The newscaster declares the human tragedy in the same tone as he/she describes a sex scandal. The death of humanity becomes nothing more than ordinary news, a mere weather report. The emotions behind a tragedy carry an element of sensationalism than a tinge or a tear of sorrow. Instead of reflecting upon human sufferings, the emphasis remains upon the tantrums of Trump, or upon a Panama gate scandal involving a premier whose repute was never above board, the one commanding no pedestal among the world politicians and whose political demise or survival in power is least meaningful. Isn’t it a violence perpetrated against the humanity by those who consider human life less worthy than a Shakespearean tragedy?
The market economy makes sure that its grip on the indoctrinated masses remains iron-fisted. According to Horkheimer, “Men released from the concentration camps take up the jargon of their jailors and with cold reason and mad concept (the price, as it were, of their survival) tell their story as it could not have been otherwise than it was, contending that they have not been treated so badly after all”. What can be worse than a meek submission to the perpetrators of one’s perdition? Is it masochism, or an outright violence accepted as one’s fate?

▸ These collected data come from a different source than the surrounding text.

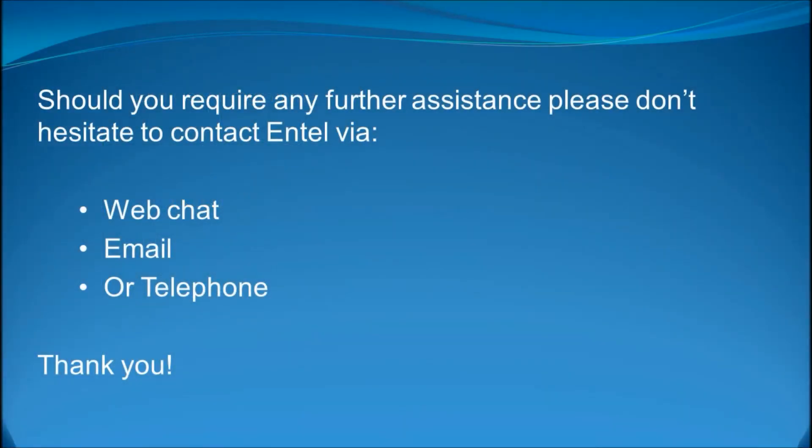Should you require any further assistance please do not hesitate to contact Entel via web chat, email or telephone. Thank you.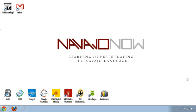Hey everyone, this is Crystal with Navajo Now. I'm back with a little tutorial on downloading and installing the Navajo keyboard. So let's go ahead and get started.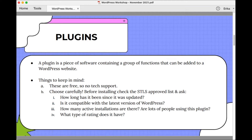Choose carefully when you're picking plugins. Before you install, do check the STLS list — it's possible that we have a plugin that does what you're hoping to do. Or you can just send us an email saying you're thinking about installing a specific plugin, and we can take a look and let you know if there's something we think might be better.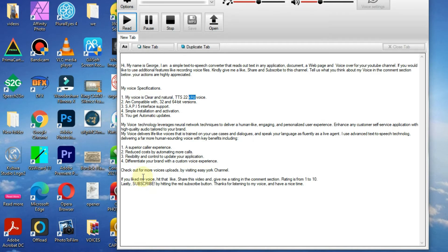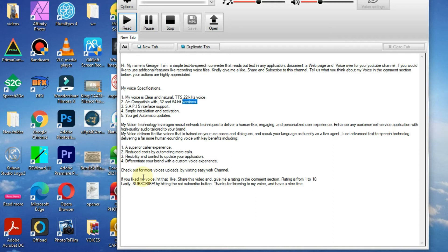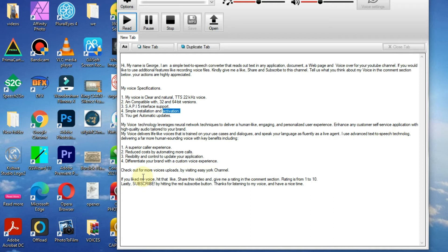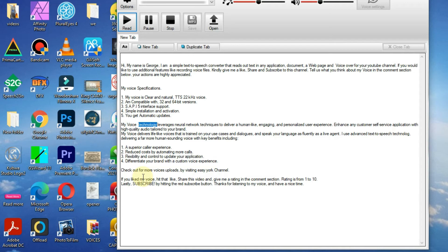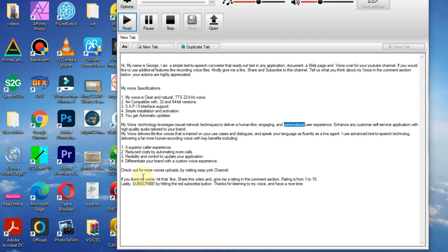22 kilohertz voice. 2. Compatible with 32 and 64-bit versions. 3. SAPI 5 interface support for simple installation and activation. 5. You get automatic updates. My voice technology leverages neural network techniques to deliver a human-like, engaging, and personalized user experience.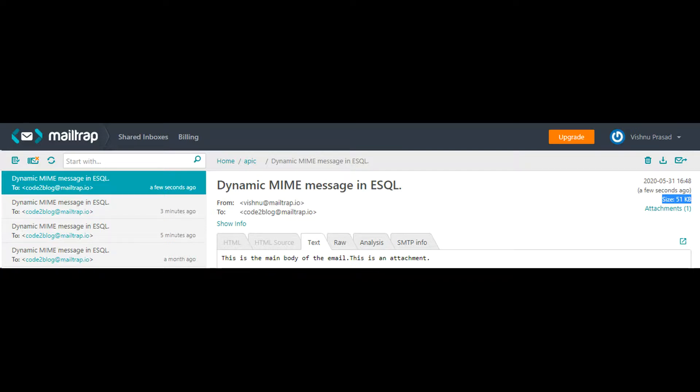To learn about SMTP server and how to configure email output node, check for my other video. Link in description.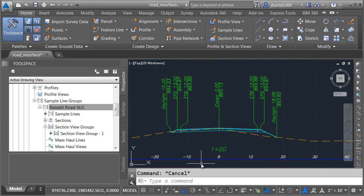So from now on, when you need to label corridor points in cross section views, consider using the new corridor point label. By incorporating this new style along with a little staggering, you can be certain that every corridor station and offset is readable, no matter how many points you decide to label.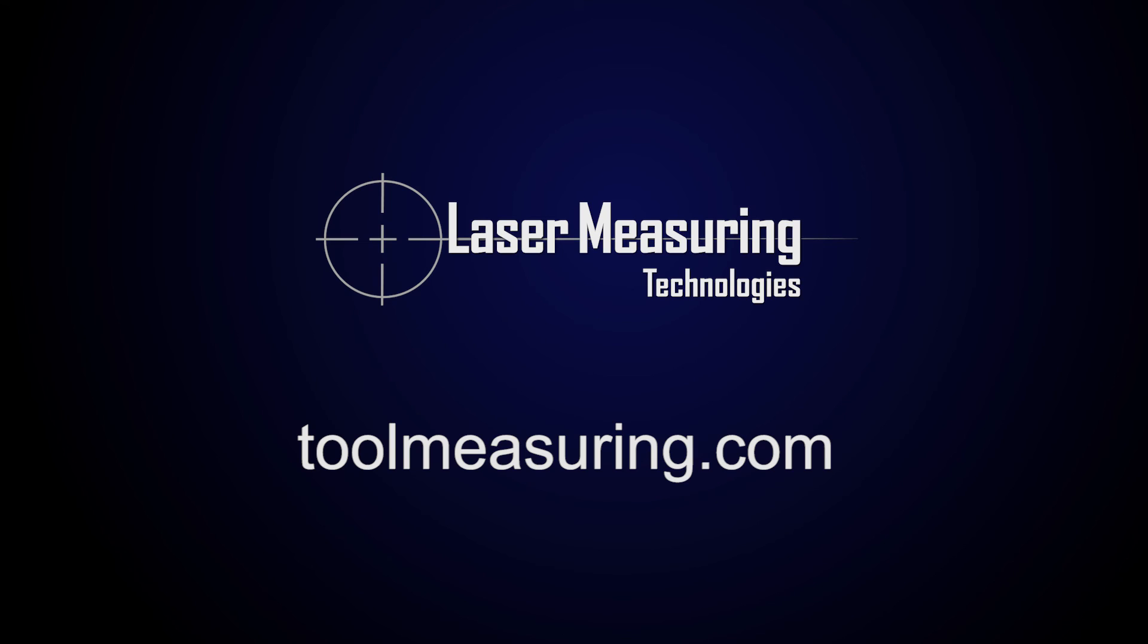Thank you for watching LMT's video on how to measure the primary and secondary clearance angle of the OD on a three fluted end mill.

It was sometimes during Vietnam War or perhaps little later, both Janis Joplin and Rita Coolidge separately sung the famous song, which states ‘freedom another world when nothing left to lose”. In her another hit, Rita sings “this world has lost its glory, let us start a new story now…right now, there is no other time”. “Art cannot change the world, but it can contribute to changing the consciousness and drives of men and women who could change the world…its truth lies in power to break the monopoly of established reality to define what is real” (Marcuse). One wonders if it is the time to start writing a new story by breaking the monopoly of established reality only to make freedom more meaningful.